Here is my attempt to convert them... We know $W=\frac{J}{s}$, so we can write $$10^3 J s^{-1} m^{-2} \mu m^{-1}$$ and we know how to convert $m$ to $cm$, so $$10^3 J s^{-1} 10^{-4} cm^{-2} \mu m^{-1}$$ I interpret this to mean: so many joules hitting a certain area every second at a specific wavelength. Now we want to speak about the number of photons hitting a given area every second for a particular area and for a given photon energy.

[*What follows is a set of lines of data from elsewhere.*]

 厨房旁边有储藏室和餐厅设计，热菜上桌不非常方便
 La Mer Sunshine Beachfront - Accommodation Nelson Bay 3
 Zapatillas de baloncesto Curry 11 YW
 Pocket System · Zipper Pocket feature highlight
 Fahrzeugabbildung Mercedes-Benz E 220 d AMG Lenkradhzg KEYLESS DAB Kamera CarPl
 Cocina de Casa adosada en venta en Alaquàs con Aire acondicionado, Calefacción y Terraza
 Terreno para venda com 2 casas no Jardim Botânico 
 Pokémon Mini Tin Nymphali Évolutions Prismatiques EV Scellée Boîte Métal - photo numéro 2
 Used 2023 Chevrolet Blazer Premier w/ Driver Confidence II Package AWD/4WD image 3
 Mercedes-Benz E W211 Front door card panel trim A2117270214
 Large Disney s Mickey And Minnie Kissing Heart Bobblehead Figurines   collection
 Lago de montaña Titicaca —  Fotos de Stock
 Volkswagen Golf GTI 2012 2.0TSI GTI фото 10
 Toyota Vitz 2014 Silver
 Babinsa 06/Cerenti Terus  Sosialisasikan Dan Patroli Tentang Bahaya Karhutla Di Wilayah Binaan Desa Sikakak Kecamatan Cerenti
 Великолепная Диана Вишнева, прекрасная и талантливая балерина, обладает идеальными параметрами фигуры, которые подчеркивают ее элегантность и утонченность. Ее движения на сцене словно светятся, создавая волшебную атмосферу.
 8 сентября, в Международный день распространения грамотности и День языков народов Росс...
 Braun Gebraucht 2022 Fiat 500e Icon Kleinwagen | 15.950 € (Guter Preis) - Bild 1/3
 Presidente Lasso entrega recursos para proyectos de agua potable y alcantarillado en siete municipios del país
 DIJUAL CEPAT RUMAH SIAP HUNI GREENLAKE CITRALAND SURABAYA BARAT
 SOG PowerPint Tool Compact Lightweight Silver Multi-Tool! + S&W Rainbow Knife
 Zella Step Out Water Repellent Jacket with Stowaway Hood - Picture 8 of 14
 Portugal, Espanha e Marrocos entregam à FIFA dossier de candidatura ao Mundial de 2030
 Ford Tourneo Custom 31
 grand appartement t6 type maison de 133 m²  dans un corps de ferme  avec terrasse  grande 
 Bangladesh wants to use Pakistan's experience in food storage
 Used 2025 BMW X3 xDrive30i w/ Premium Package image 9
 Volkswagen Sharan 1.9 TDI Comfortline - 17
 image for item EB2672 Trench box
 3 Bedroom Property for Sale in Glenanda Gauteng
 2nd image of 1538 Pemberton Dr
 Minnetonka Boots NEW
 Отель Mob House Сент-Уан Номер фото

So we could multiply by the wavelength $\lambda$ ($\mu m$) to cancel out the extra reciprocal microns and we'd get, $$10^3 J s^{-1} 10^{-4} cm^{-2} \lambda$$ Now I know the energy of a photon can be given by $E=\frac{hc}{\lambda}$ and $J$ are units of energy, so $$10^3 \frac{hc}{\lambda (\mu m)} s^{-1} 10^{-4} cm^{-2} \lambda$$ and $hc =1.24 eV \mu m$ so, $$10^3 \frac{1.24 eV \mu m}{\lambda (\mu m)} s^{-1} 10^{-4} cm^{-2} \lambda$$ which I get to mean,

$$10^3 1.24 eV s^{-1} 10^{-4} cm^{-2}$$ $$10^{-1} 1.24 eV s^{-1} cm^{-2}$$ which is almost what I wanted, except I'm missing a $10^{18}$ and my eV is not reciprocal. Can somebody help get me get this?!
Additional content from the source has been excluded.